田久保さんの下に、石炭をくべる大徳さんと、こま徳という二人の男の人が働いていました。
二人は、昼夜交代でよく働きました。
大徳さんは体が大きく、こま徳さんは少し小さかった。
村の子どもたちはよくサツマイモを持って行って、こま徳さんに焼いてもらっていました。
こま徳さんは、面倒がらずサツマイモを焼いてくれました。
こま徳さんは気が優しく、男前で子供たちは「こま徳さん・・・こま徳さん・・・」とよくなついて、機械場で遊んでいました。
こま徳さんは、水揚げ所の近くに住んでいました。
ある日のことでした。
交替の時間が来て、こま徳さんはうす暗い中を帰っていきました。
別れてまもなく、子供どもたちが振り返ると、こま徳さんは女の人と並んで歩いていました。
「あの女の人どこから来たんやろ・・・」と不思議に思いながら、子供たちは家に帰りました。
その日の翌日、こま徳さんは林の側の溝に落ちて死んでいました。
村人は、「あの女の人は狐やで、男前のやさしいこま徳さんをたぶらかし、溝へつきおとしたんや」と話していました。

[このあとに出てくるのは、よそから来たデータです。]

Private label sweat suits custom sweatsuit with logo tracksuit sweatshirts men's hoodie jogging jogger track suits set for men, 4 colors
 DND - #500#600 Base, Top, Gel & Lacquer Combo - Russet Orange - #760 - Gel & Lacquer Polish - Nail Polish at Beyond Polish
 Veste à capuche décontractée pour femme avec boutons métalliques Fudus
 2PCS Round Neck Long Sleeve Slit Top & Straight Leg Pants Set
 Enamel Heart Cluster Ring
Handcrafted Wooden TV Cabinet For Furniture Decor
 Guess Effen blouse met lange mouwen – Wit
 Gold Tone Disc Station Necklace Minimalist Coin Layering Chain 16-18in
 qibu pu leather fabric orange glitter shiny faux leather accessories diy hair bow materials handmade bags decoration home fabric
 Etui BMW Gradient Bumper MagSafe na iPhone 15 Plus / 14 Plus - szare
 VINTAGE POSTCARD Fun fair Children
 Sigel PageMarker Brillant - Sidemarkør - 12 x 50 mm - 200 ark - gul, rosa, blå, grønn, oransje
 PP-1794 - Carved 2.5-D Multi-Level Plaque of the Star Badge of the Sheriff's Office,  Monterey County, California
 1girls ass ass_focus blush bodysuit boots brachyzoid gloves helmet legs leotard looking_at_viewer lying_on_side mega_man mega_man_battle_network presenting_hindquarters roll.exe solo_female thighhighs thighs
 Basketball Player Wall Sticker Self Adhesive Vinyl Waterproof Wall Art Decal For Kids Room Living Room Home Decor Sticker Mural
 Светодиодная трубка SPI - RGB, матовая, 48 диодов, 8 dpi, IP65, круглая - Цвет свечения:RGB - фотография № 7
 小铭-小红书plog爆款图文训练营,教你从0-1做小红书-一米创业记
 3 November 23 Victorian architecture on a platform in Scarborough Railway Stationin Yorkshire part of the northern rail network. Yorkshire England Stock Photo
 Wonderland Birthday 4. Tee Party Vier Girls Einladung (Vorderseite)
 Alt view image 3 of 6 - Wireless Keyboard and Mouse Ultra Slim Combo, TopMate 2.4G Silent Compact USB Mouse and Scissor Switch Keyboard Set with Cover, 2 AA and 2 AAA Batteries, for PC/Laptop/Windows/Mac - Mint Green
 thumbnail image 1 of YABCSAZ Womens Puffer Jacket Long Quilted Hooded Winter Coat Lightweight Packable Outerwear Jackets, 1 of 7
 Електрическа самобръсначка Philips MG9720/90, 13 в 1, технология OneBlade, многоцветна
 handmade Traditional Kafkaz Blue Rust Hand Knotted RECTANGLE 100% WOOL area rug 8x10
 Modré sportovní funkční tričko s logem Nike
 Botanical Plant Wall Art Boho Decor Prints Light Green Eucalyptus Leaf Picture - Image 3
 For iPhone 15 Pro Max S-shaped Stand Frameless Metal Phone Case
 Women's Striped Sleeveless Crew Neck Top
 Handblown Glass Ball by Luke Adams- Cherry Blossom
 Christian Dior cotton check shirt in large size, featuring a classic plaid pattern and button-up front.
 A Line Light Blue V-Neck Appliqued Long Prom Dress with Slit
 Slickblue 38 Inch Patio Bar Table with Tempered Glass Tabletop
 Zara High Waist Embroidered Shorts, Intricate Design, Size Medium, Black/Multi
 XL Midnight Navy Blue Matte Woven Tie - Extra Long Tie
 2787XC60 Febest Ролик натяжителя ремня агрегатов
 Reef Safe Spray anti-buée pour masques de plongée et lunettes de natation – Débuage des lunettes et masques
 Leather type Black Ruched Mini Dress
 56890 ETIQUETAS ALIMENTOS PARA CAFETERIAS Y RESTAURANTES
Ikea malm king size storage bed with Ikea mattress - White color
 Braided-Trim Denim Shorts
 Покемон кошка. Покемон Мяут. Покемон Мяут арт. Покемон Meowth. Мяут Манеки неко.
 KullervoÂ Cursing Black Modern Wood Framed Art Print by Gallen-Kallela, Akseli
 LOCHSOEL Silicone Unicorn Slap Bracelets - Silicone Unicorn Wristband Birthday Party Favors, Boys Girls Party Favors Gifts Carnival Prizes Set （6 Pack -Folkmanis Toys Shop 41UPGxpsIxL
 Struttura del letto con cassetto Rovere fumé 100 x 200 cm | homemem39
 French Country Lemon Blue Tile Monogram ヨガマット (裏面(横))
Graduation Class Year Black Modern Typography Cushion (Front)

子どもたちは「こま徳さんが死んだのは狐の仕業だったのだろうか」と、不思議に思うばかりでした。
ついに、女の人の正体は誰にもわかりませんでした。
ただ、それまで毎日機械場から聞こえていたキレイな笛の音が、こま徳さんが亡くなってからは、いつも悲しげに尾を引いているように聞こえたといます。